:: Data extract

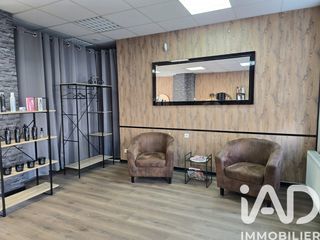  Immeuble � vendre 155 m�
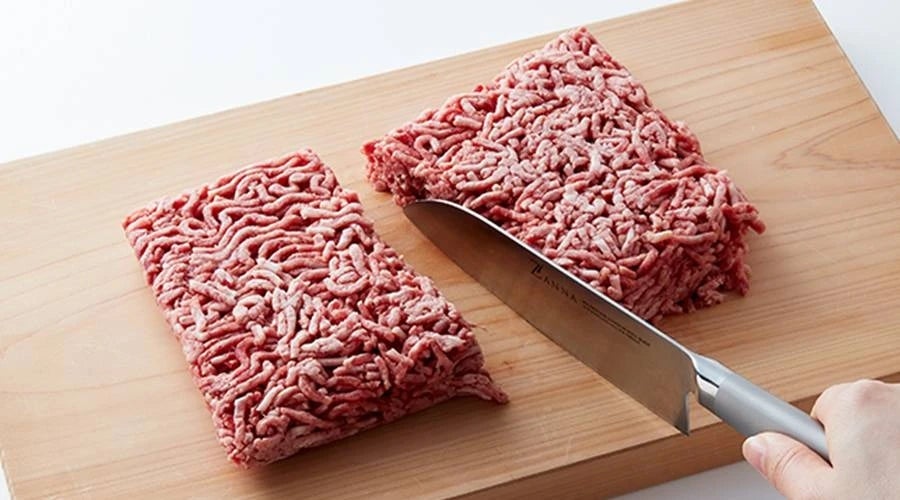 [レンタル] [18L]シャープ PLAINLY RE-WF185 オーブンレンジ - 13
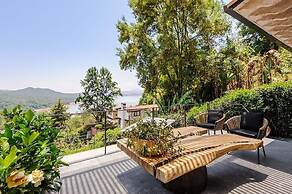 Casa Sol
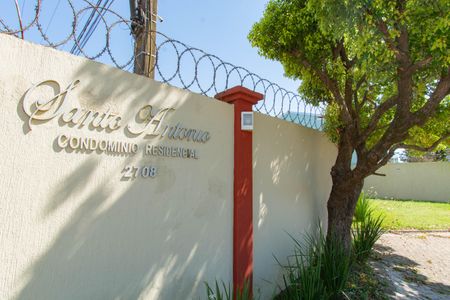 Casa de condomínio à venda com 100m², 3 quartos e 3 vagas Casa de condomínio à venda com 100m², 3 quartos e 3 vagasÁrea comum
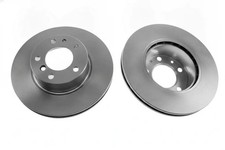 Disque de frein Renault SAFRANE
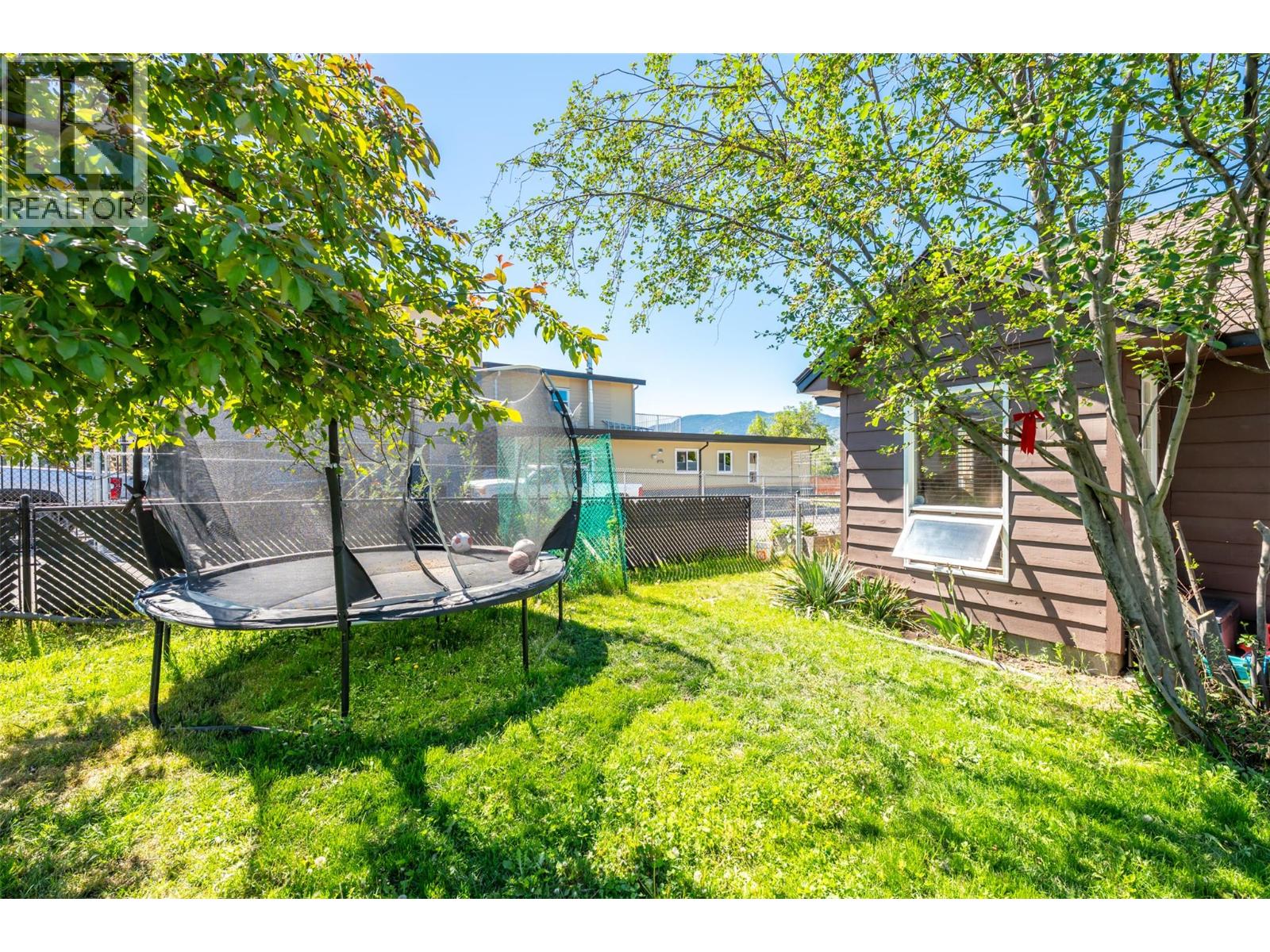 1045 Manitoba Street, Penticton, British Columbia  V2A 4Z8 - Photo 5 - 10385932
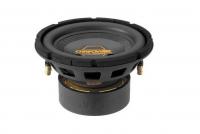 foto k příspěvku  od jackobo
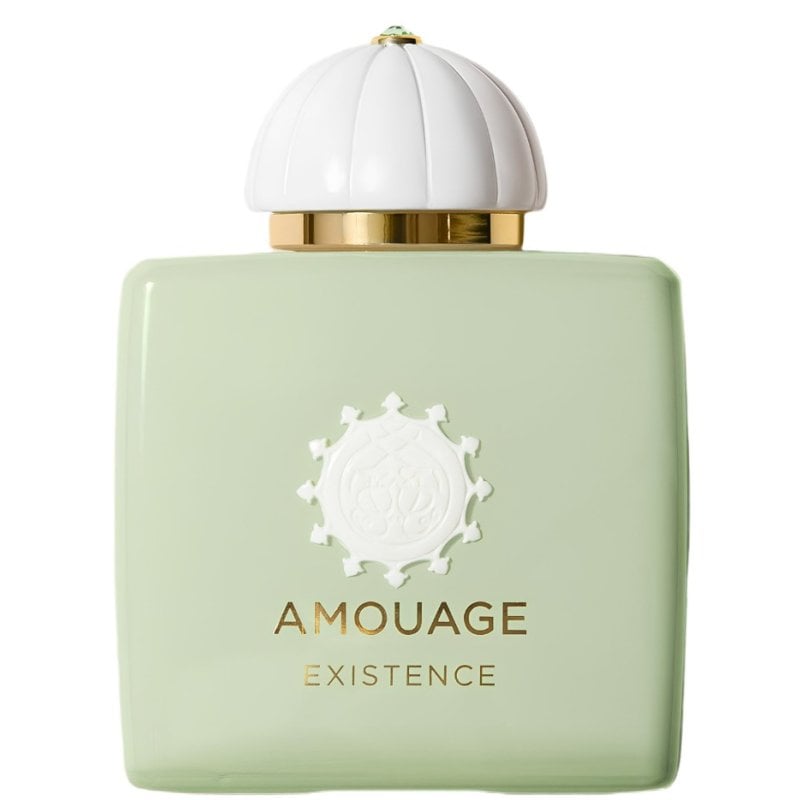 Amouage Existence Унисекс парфюмна вода без опаковка EDP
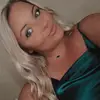 bree - @breehunter16 - TikTok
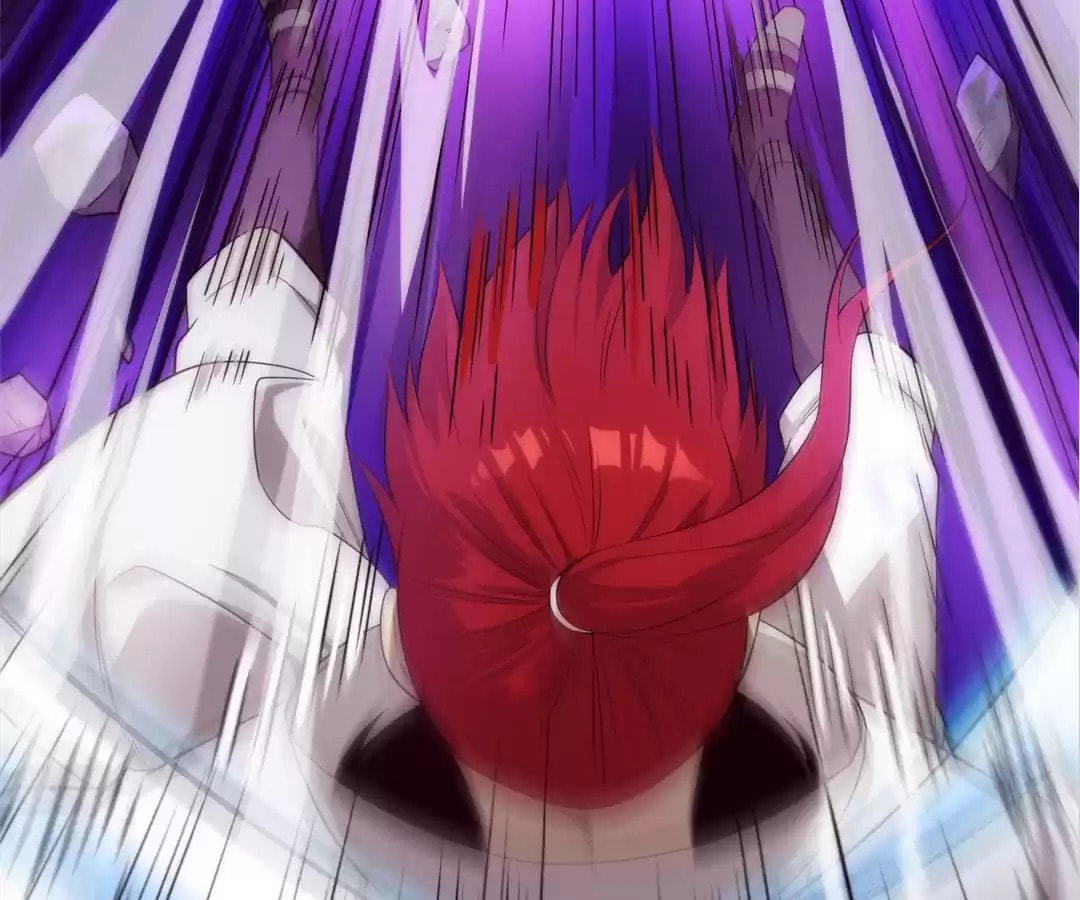 Read The Unstoppable (Colored) chapter 70 image 43 on Lezhin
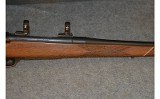Weatherby ~ Mark V ~ Left Hand ~ None - 3 of 8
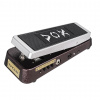 VOX V863-CA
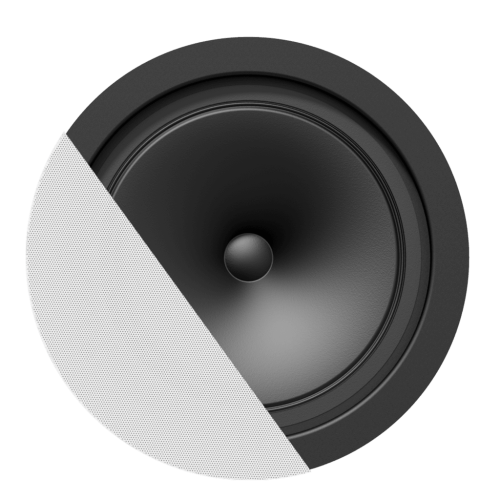 audac-cena706-b-springfit -6-5-ceiling-speaker-black-version-8 -and-100v.png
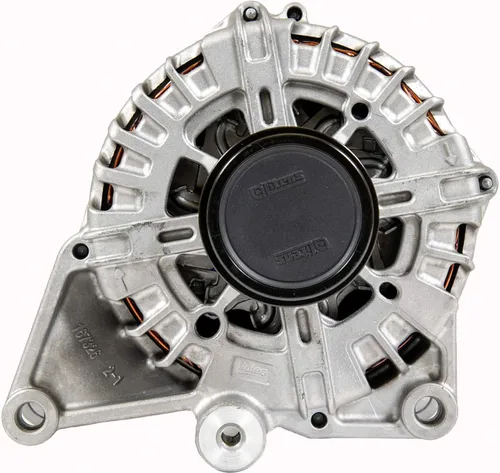 Miniatura 2 de Valeo 443271 Nuevo reemplazo de alternador premium para Mercedes-Benz C300 (2015-2017) y Mercedes-Benz Metris (2016-2019)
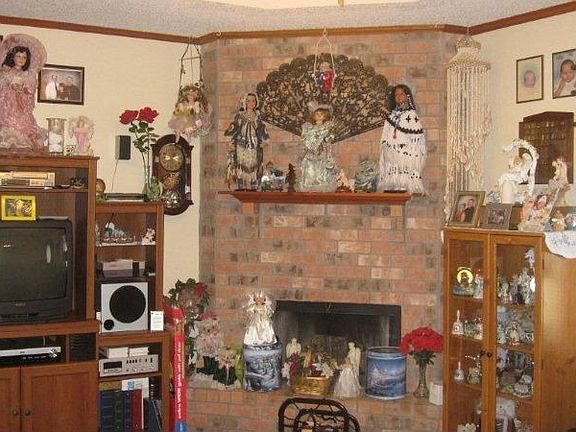 2nd image of 358 Firwood Dr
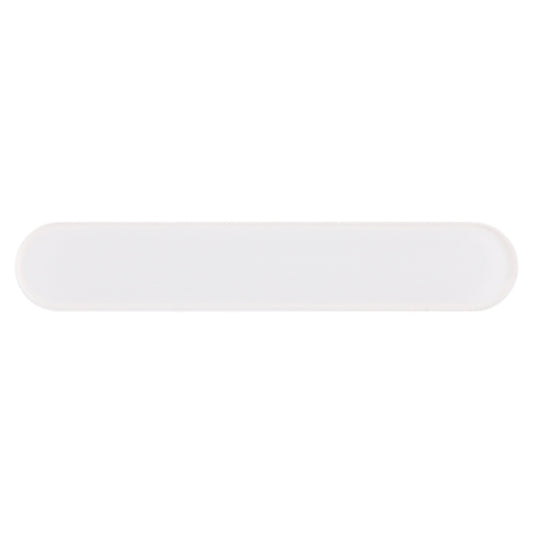 For iPhone 13 / 13 mini US Edition 5G Signal Antenna Glass Plate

::::

- **Problem to work on**: Leaving out the images, return the entries above exactly as they read.

- **Exercise result**:
  Immeuble � vendre 155 m�
 [レンタル] [18L]シャープ PLAINLY RE-WF185 オーブンレンジ - 13
 Casa Sol
 Casa de condomínio à venda com 100m², 3 quartos e 3 vagas Casa de condomínio à venda com 100m², 3 quartos e 3 vagasÁrea comum
 Disque de frein Renault SAFRANE
 1045 Manitoba Street, Penticton, British Columbia  V2A 4Z8 - Photo 5 - 10385932
 foto k příspěvku  od jackobo
 Amouage Existence Унисекс парфюмна вода без опаковка EDP
 bree - @breehunter16 - TikTok
 Read The Unstoppable (Colored) chapter 70 image 43 on Lezhin
Weatherby ~ Mark V ~ Left Hand ~ None - 3 of 8
 VOX V863-CA
 audac-cena706-b-springfit -6-5-ceiling-speaker-black-version-8 -and-100v.png
 Miniatura 2 de Valeo 443271 Nuevo reemplazo de alternador premium para Mercedes-Benz C300 (2015-2017) y Mercedes-Benz Metris (2016-2019)
 2nd image of 358 Firwood Dr
 For iPhone 13 / 13 mini US Edition 5G Signal Antenna Glass Plate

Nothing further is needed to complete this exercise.